Le plaignant explique ensuite les activités de la Fédération : le contingentement de la production acÉricole; le contrôle de la qualité du sirop d’érable; sa mise en marché collective sur le marché du vrac, par le biais d’une agence; la gestion de programmes d’avances financières et de paiements aux producteurs; la promotion et le développement des marchés des produits de l’érable et enfin, des activités de recherche dans le domaine. Le plaignant ajoute que l’industrie est actuellement en croissance, puisque la valeur de production est passée de 99 à 150 millions entre 1995 et 2006, mais qu’il existe toutefois un déséquilibre entre la production et les ventes de sirop. En outre, entre 2002 et 2004, plusieurs changements touchant la mise en marché étaient nécessaires parce que le libre marché générait des baisses de prix, hypothéquant ainsi le revenu des acÉriculteurs. Ces nouvelles mesures permettraient aujourd’hui de maintenir le maximum d’entreprises en exploitation et de contrôler en même temps les normes de qualité du sirop produit en vrac.
Le plaignant souligne cependant qu’un groupe d’individus contrevenant aux réglementations existantes répandent des rumeurs etattaquent ces réglementations. M. Lemieux déplore donc que l’équipe de l’émission ait accordé foi aux propos d’un groupe d’opposants sans vérifier leurs affirmations auprès de la principale concernée, la FPAQ, ou en ignorant des faits portés à sa connaissance qui contredisaient ces affirmations. Le plaignant relève, au cours de l’émission visée, 19 manquements de la part des mis-en-cause.
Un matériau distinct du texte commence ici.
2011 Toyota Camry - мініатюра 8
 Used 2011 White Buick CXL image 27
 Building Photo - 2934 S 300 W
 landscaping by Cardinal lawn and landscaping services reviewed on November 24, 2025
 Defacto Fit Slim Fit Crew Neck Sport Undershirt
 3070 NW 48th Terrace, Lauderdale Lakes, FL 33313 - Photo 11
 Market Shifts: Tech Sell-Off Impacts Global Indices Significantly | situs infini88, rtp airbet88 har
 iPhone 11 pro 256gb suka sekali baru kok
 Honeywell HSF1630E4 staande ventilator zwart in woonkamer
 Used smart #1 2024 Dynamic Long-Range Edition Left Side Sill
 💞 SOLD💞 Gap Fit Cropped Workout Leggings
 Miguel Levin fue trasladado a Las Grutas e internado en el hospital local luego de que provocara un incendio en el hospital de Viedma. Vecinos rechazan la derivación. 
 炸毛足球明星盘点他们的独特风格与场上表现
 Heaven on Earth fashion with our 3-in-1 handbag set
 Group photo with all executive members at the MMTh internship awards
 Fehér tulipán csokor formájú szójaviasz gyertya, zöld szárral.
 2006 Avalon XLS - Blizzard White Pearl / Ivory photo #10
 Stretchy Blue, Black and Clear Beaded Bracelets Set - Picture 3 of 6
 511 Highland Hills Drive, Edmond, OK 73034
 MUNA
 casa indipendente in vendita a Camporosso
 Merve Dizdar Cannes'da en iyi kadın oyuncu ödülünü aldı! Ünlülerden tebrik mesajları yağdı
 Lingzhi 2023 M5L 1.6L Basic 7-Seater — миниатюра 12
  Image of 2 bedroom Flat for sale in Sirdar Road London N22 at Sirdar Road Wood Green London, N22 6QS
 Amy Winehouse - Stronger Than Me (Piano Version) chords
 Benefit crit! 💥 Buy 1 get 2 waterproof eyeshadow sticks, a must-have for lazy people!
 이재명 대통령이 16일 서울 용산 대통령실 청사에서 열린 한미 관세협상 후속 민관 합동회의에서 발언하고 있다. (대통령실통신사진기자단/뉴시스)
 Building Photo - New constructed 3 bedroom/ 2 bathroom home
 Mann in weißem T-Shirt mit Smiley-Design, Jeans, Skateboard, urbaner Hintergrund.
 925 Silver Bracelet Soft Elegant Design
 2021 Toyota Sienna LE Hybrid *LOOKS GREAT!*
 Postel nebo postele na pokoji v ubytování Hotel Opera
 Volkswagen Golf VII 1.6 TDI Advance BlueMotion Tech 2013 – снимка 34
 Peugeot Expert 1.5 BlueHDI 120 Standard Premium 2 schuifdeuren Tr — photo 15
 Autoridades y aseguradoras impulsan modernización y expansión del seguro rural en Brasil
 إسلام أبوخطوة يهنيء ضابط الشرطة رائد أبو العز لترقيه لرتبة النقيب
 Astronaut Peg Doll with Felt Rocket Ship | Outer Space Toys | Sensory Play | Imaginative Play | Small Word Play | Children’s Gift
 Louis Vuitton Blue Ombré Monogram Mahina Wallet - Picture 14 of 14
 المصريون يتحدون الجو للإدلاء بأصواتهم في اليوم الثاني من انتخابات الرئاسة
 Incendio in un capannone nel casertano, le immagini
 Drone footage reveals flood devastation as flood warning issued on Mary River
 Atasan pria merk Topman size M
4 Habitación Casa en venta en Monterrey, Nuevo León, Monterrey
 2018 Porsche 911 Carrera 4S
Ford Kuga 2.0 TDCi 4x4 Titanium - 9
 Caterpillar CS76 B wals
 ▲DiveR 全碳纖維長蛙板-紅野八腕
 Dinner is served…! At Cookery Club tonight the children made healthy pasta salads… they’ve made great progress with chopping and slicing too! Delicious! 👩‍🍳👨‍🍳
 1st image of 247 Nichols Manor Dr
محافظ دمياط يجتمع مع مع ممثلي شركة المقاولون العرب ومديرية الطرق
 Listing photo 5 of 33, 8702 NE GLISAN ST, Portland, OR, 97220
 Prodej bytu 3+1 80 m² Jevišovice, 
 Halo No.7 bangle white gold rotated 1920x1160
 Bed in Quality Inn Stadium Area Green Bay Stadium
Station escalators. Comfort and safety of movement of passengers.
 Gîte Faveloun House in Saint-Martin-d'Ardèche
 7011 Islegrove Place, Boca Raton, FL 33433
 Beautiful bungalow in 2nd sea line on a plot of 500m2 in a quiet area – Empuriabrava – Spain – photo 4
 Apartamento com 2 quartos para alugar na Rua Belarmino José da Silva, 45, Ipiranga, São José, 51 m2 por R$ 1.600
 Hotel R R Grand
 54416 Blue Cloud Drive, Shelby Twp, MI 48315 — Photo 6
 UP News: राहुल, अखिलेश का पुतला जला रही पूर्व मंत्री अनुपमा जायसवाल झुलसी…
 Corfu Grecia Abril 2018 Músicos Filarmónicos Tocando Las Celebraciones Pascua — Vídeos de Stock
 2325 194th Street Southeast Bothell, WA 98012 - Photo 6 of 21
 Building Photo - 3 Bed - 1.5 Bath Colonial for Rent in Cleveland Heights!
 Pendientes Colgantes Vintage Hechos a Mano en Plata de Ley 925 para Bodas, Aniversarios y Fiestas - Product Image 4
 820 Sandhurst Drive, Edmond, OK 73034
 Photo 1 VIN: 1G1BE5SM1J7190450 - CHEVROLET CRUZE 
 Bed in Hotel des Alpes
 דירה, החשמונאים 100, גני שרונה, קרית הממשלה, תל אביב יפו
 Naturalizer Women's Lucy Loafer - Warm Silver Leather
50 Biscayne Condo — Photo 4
Les reproches formulés constituent essentiellement des griefs pour information inexacte et incomplète, manque de vérification et insinuations. Le plaignant déplore aussi que l’équipe de cette émission « n’ait pas su distinguer l’essentiel de l’accessoire, les rumeurs des faits ». Pour lui, cette équipe « a failli à sa tâche en réalisant un reportage biaisé où l’information fut inexacte, des faits pertinents furent délibérément mis de côté et le sensationnalisme a primé ». La diffusion de ce reportage aurait également été préjudiciable à la Fédération en nuisant à la réputation de ses dirigeants et en semant le doute sur la qualité du sirop d’érable encore en inventaire. Le plaignant reproche enfin à M. Sormany de ne pas l’avoir rappelé et de ne pas avoir répondu à ses courriels avant et après la diffusion du reportage, pour obtenir un droit de réplique.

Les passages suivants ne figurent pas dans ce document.